Visitors landing at Mineta International Airport here this weekend will be left with little doubt that a major public event of relevance to India is happening here, for Indians and Indian-Americans were visible on every concourse and at many street corners throughout the city. By Saturday, they were thronging the neighbourhood of the SAP Center area, the venue for Prime Minister Narendra Modi’s community reception.
Organisers of the events in the heart of Silicon Valley hinted that it would rival said last year’s show at New York City’s Madison Square Garden.
Congress members line up to greet
At least 13 members of the U.S. Congress would be in attendance for Prime Minister Narendra Modi’s community reception in the heart of Silicon Valley on Saturday.
They include Indian-American Representative Ami Bera and Congress’s only Hindu member Representative Tulsi Gabbard. Other heavyweights from the U.S. House of Representatives who will greet Mr. Modi and join the celebrations with 18,500 Indian-Americans include Democratic Party Leader Nancy Pelosi, and members Jim McDermott, Dana Rohrabacher, Ed Royce, Sheila Jackson-Lee, Pete Sessions, Loretta Sanchez, George Holding, Eric Swalwell, John Garamendi and Jerry McNerney.
Commenting on the broader sense of anticipation surrounding Sunday’s mega-reception, Naren Gupta and Chandru Bhambra, co-chairs of the organising group, the Indo-American Community of West Coast, said that Mr. Modi had “set an ambitious agenda for India including Smart Cities, Digital India, [and] renewable energy, [and recognised] that these goals can be achieved only through innovation and that there is no better place to see innovation at work than Silicon Valley.”
Indeed the Prime Minister’s tightly-packed agenda while on this leg of his U.S. tour includes a visit to Tesla Motors to discuss their battery technology for the storage of solar energy, Indian government officials said, and the similar theme of clean energy will find echoes in a conversation that the Indian side will conduct with U.S. Energy Secretary Ernest Moniz at a roundtable organised on Sunday by the U.S. Department of Commerce and Stanford University.
Some voices of protests appeared to gather steam even as the excitement for Mr. Modi’s welcome grew.

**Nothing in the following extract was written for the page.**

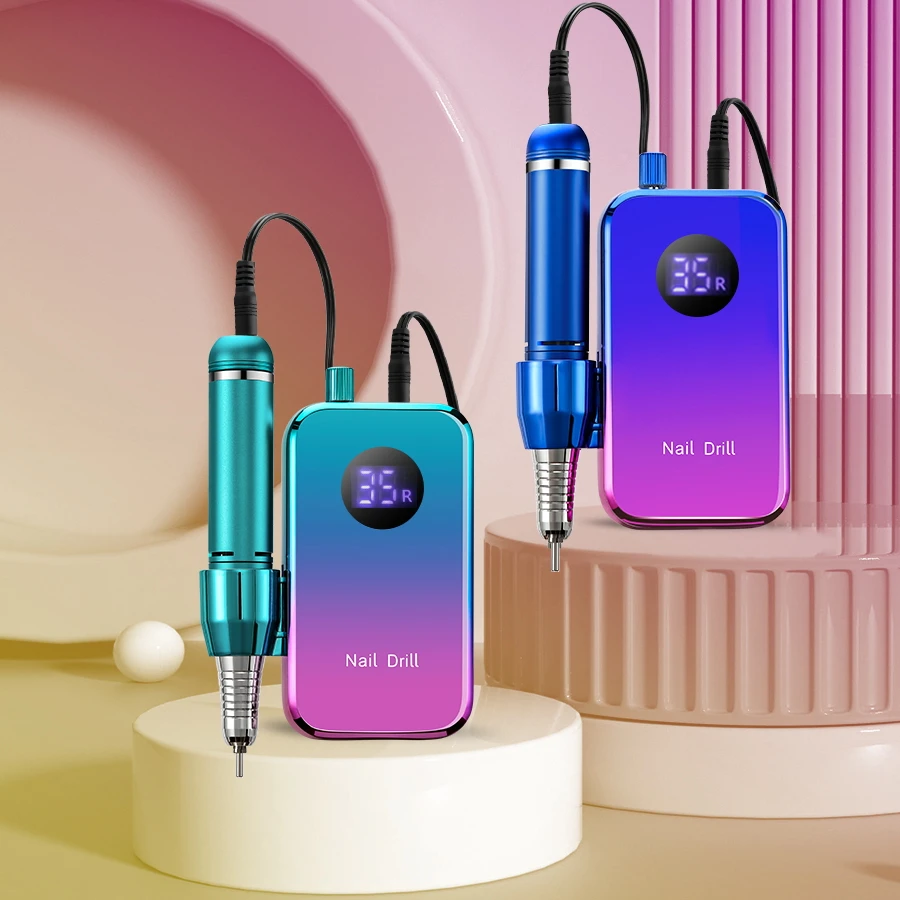 Professional 35000RPM Portable Electric Nail Drill Machine Display Nails Sander For Acrylic Gel Polish Rechargeable Nail Tool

The Alliance for Justice and Accountability announced on Saturday that it would organise a protest rally in close proximity of the SAP Centre as the celebrations continued inside, and in a press statement said, “AJA members will be sharing inconvenient facts about Modi's record that his PR team wants to hide — on the environment, religious rights, civil rights, women's rights, LGBTQ equality, the safety of Dalit and adivasi communities, and beyond.”
Over the past week AJA has also been running a billboard initiative as part of its “#ModiFail campaign,” in a bid to “raise public awareness about [Mr.] Modi and his administration's attacks on personal freedoms and human rights in India.”
Numerous billboards were visible from in the Bay Area locales of Oakland, Daly City, Hayward, Newark, Milpitas, and Santa Clara, which AJA members said call attention to Mr. Modi’s “most egregious failures during his 16 months in office as Prime Minister.”